Assigned task ::
The task calls for the lines below from the line with "Aco Rug, Black, Cotton地毯" to the line with "Sinport – Singapore", both ends included, copied exactly, without any pictures.

Supplied entries ::
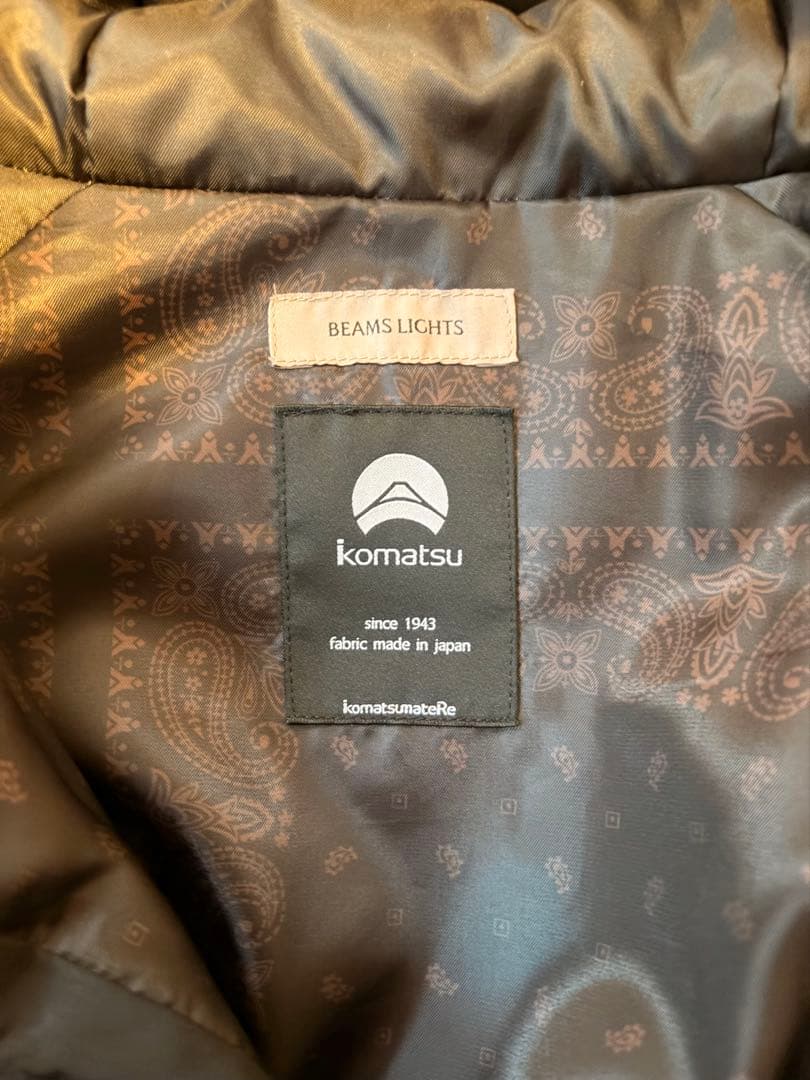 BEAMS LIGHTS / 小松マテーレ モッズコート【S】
* * *
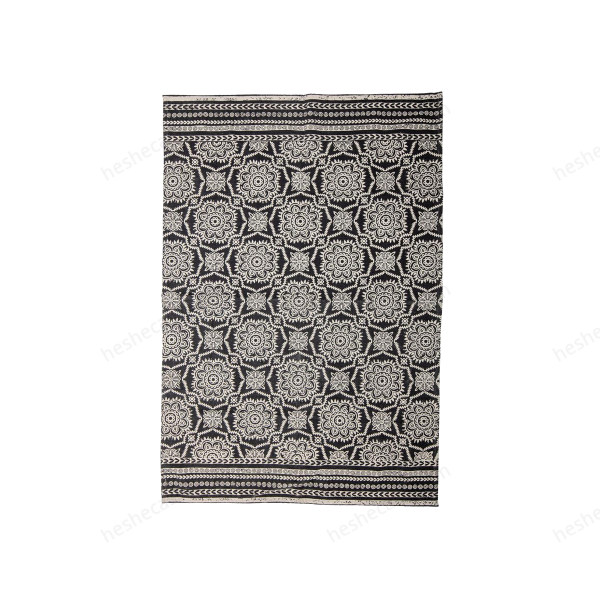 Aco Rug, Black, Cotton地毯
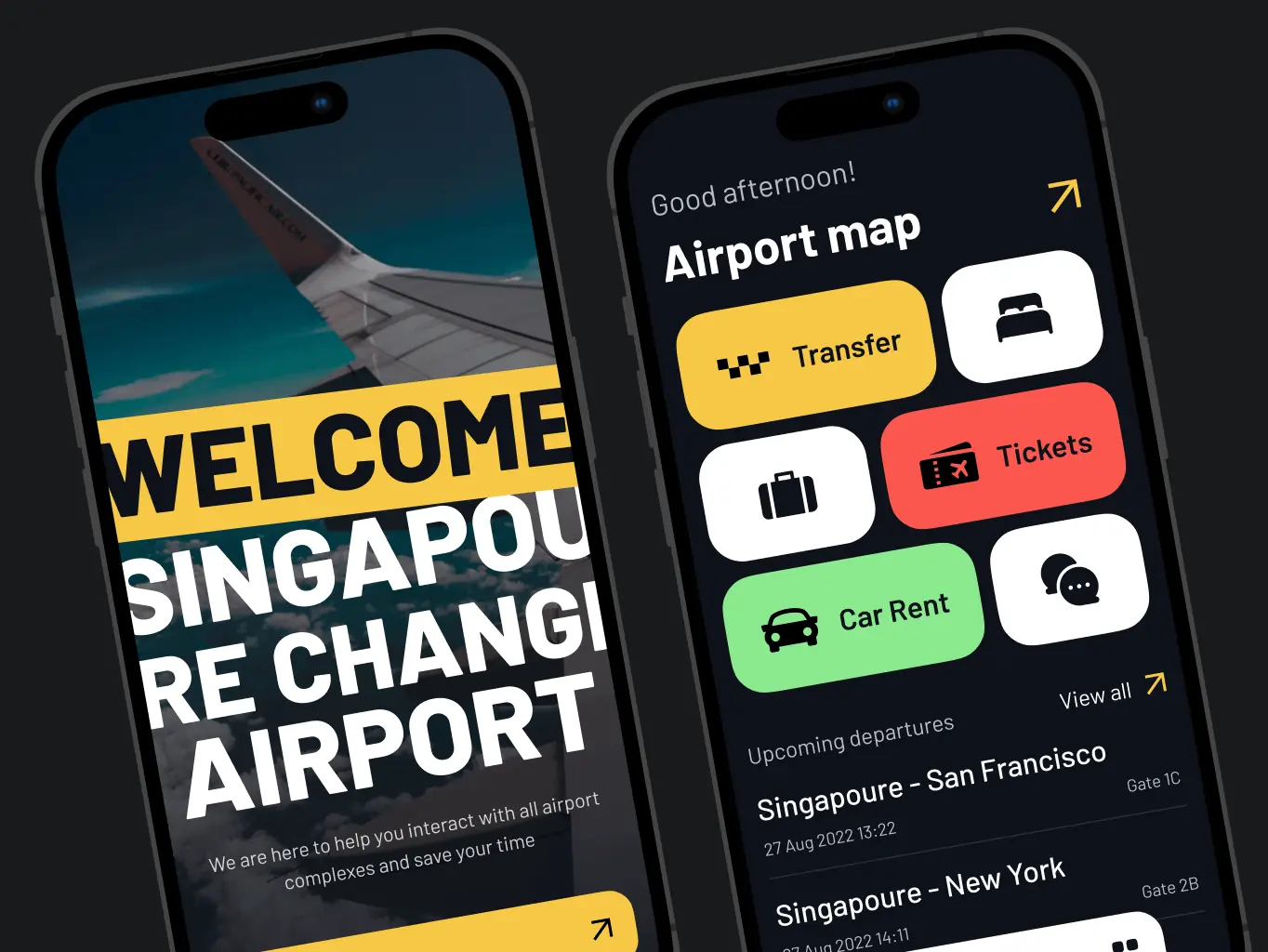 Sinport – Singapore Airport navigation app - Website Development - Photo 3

Answer to this exercise ::
 Aco Rug, Black, Cotton地毯
 Sinport – Singapore Airport navigation app - Website Development - Photo 3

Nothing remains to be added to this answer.